Si tratta di una stima, ma molto vicina alla realtà, perché è ragionevole pensare che la composizione territoriale dei flussi di pensionamento, nel 2019, non farà segnare sostanziali differenze rispetto allo scorso anno.
Previsione difficile
Quello che va chiarito da subito è che al momento si sta ragionando solo su una platea, peraltro impossibile da definire con precisione fino a che la legge e le relative norme di attuazione non verranno messe nero su bianco. Tra i grandi nodi da sciogliere, quello sull’applicazione a quota 100 dei meccanismi di adeguamento all’aspettativa di vita, che dal 1° gennaio (salvo slittamenti) porteranno a 67 anni l’età minima per la pensione di vecchiaia, a 43 anni e 3 mesi l’anzianità richiesta per la pensione anticipata e, presumibilmente, (altro tema molto dibattuto in questi giorni), l’innalzamento a 41 anni e 5 mesi della cosiddetta quota 41, introdotta dal 2017 per i lavoratori “precoci”.
Il beneficio
Salvo adeguamenti all’età già in partenza, che di fatto la trasformerebbero da subito in quota 101, quota 100 potrà essere raggiunta non con qualsiasi combinazione utile di età e anzianità, ma partendo da un doppio requisito minimo, rispettivamente di 62 anni (di età) e 38 (di contributi). Non sarà sufficiente una combinazione dove uno dei due criteri non risultasse soddisfatto, come ad esempio una combinazione di 61 anni di età e 41 di contributi: mancando il requisito minimo di età, un lavoratore in questa situazione (quindi con una quota teorica di 102) non potrà ancora accedere alla pensione.

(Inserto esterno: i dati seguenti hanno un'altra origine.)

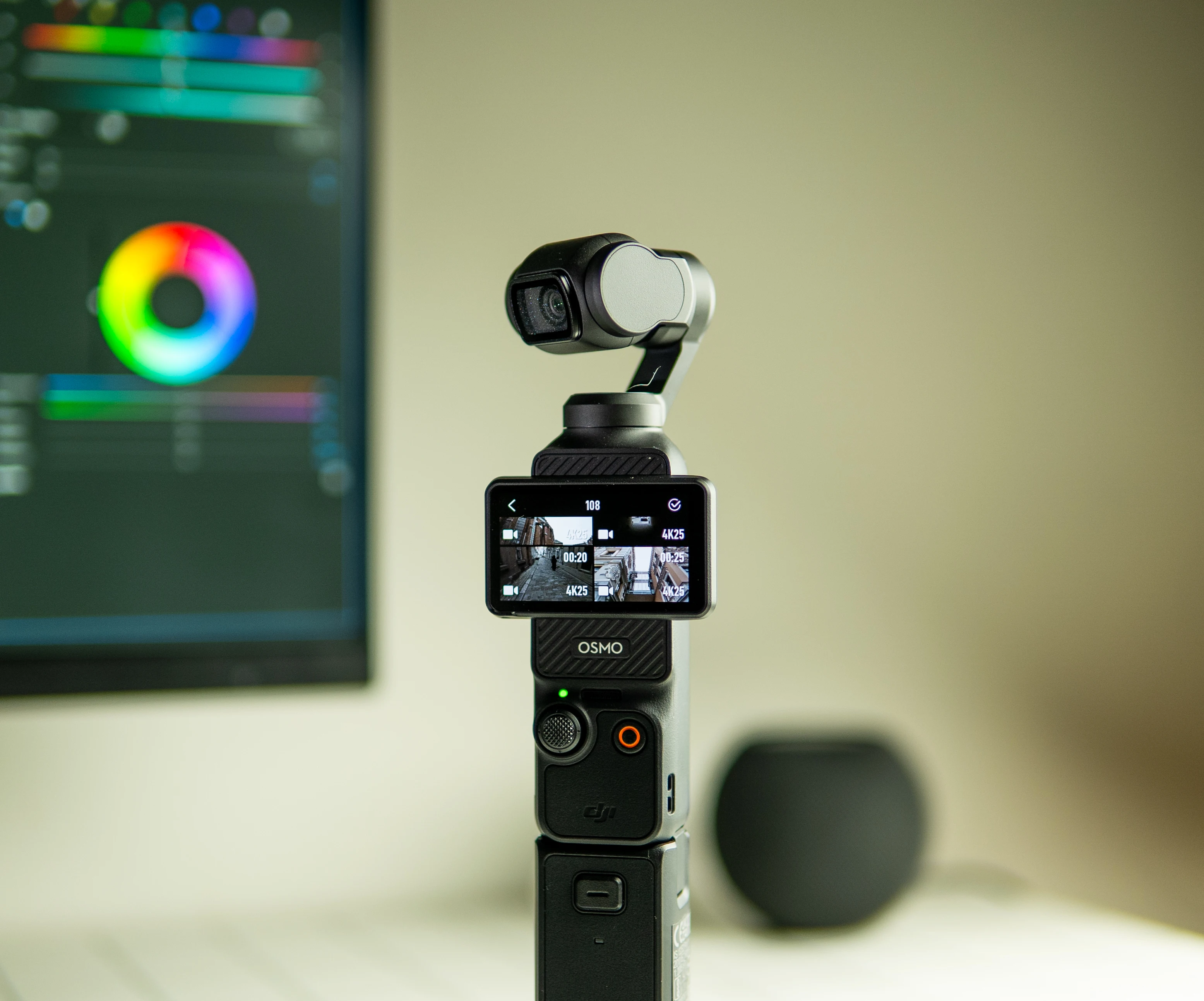 Freewell Mist Filter Duo for Osmo Pocket 3: Snow Mist 1/8 & Glow Mist 1/8 - Cinematic Enhancement & Digital Softening 3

Nel caso più favorevole, quello di un lavoratore che raggiungesse quota 100 proprio a gennaio 2019, lo “sconto” sarebbe di 5 anni rispetto ai tempi di pensionamento previsti dalla Fornero, che a partire dal 1° gennaio 2019 prevede un’età minima di 67 anni per la pensione di vecchiaia (o in alternativa 43 anni e 3 mesi, quindi 5 anni e 3 mesi in più, per la pensione anticipata). In realtà lo sconto è maggiore, perché nel biennio 2023-2024 la soglia minima per la pensione di vecchiaia salirà a 67 anni e 4 mesi.
La scelta
Per molti lavoratori, in realtà, lo sconto sarà minore, in particolare per quelli che per la pensione attendono soltanto il varo della misura, avendo già maturato nel 2018 o prima ancora i requisiti di quota 100. Quanto alla scelta se accedere o meno al beneficio, dipenderà da molti fattori, a partire da quello economico: dal momento che ogni anno di anticipo dell’uscita, riducendo il montante contributivo, comporterà una riduzione dell’assegno pensionistico, è presumibile che, in presenza di un lavoro non eccessivamente gravoso, un lavoratore preferisca rimandare l’appuntamento con la pensione. Il numero di beneficiari effettivi, quindi, sarà più basso rispetto alla platea potenziale.